ZNP: “What are you talking about? You can make flour out of any seed. What is the purpose of planting grain if you are not going to harvest it for food?”
Problem with response: The thrust of my comment was that the purpose of the parable was not about the seed, but the soil into which it was placed (or landed). ZNP has made it all about whether you can make bread or other food out of the harvest. The parable never gets to the harvest except in the mention at the end of the produce from one type of soil. Whether the purpose of planting a seed is to harvest it for food is irrelevant if the purpose of the parable is to demonstrate the kind of soil into which seed can be sown. Jumping to the harvest and beyond is to ignore the purpose of the parable.

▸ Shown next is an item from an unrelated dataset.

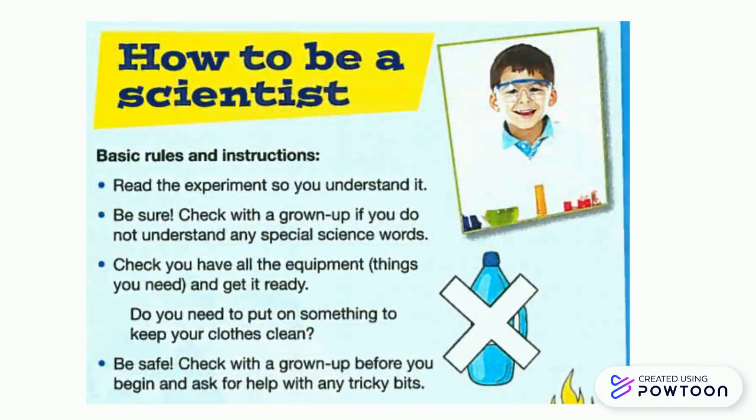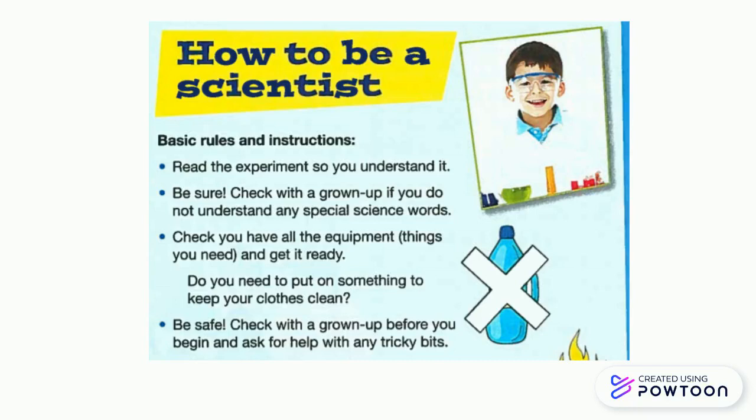Read the experiment so you understand it. Be sure. Check with a grown-up if you do not understand any special science words. Check if you have all the equipment — equipment means things you need — and get it ready.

OBW: When I refer to the teaching of the Pharisees (which is not part of the Matthew 13 dialog) I mention that the Pharisees are adding to the Word in their teachings.
ZNP: “No, what I am suggesting is that the term "leaven of the Pharisees" refers to the teaching of the Pharisees. No doubt the Pharisees did read the Bible and other books to arrive at their teachings. So if the pure word of God in the analogy is the flour, the yeast would be the Pharisees, and the product that they produce is referred to as "leaven of the Pharisees".”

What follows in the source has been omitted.